アメリ
監督:ジャン=ピエール・ジェネ
出演:オドレイ・トトゥ/マチュー・カソヴィッツ/リュフェス
2001年/仏/121分//☆☆☆☆☆
批評 スタイリッシュで可愛い
ジャン=ピエール・ジェネと言えば、「デリカッセン」「ロストチルドレン」の美しい映像で綴られる恐怖が印象的だ。
しかし本作品「アメリ」では、その恐怖はない。
美しい映像で語られる、可愛いお話。そう、この映画は「話」ではなく「お話」という面持ちの作品に仕上がっている。
アメリ。彼女は、空想し、人にちょっとしたイタズラを仕掛けて、幸せにや、ちょっとした不幸を訪れさせていた。
そんな彼女が、気づかぬうちに目を背け、苦手としていたのが現実との対話。
ある時見つけたスピード写真の切れ端を集めたアルバムが、彼女に現実との対話をせまる。

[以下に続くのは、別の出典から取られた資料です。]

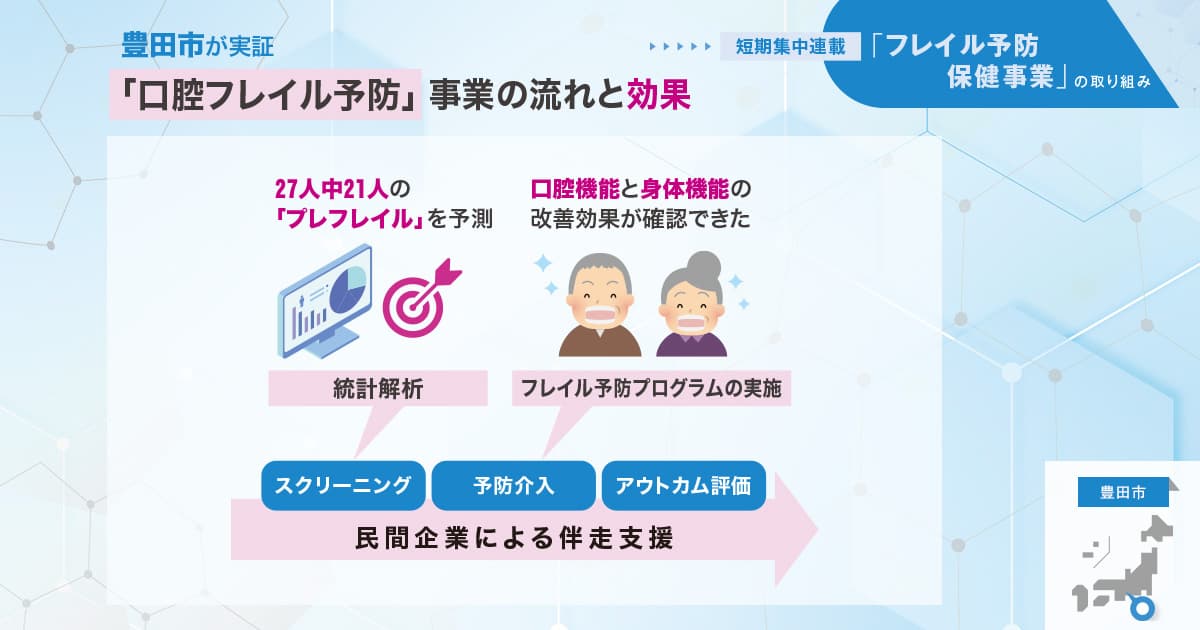 【高齢者の保健事業と介護予防の一体的実施】健診データ等の統計解析で、「フレイル予備群」の予測精度が向上(フレイルリスク予測サービス / エーザイ)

こう書くと「また自分探しか?」と思われるかも知れないが、実際にはそれが一つの柱になっているだけで、どちらかと言うと恋愛映画の要素の方が強いし、見ていても悩む、というよりもおかしくてクスクス笑えるといった風情の仕上がりになっている。
抜群なのは、ジュネの演出力。
相変わらず、ちょっと上から、人の顔に極端に寄る画は多様されているが、似ているのは構図だけでもっと明るい。
まさかこういう映像を作らせても上手いとは思わなかった。運河でアメリが水切りをするシーンなど、これまでのジュネからは想像もつかぬかわいらしさがにじみ出ている。
欠点としては、最期の流れ。カフェで主人公が想い人に対して勘違いをする下りの描写。あれはちょっと邪魔じゃないか?やるならもうちょっと早めに複線を張らないと今一つ面白くない。
それに明白な勘違いだと観客に分からせるためには、もう一本別の複線が必要だった様に思う。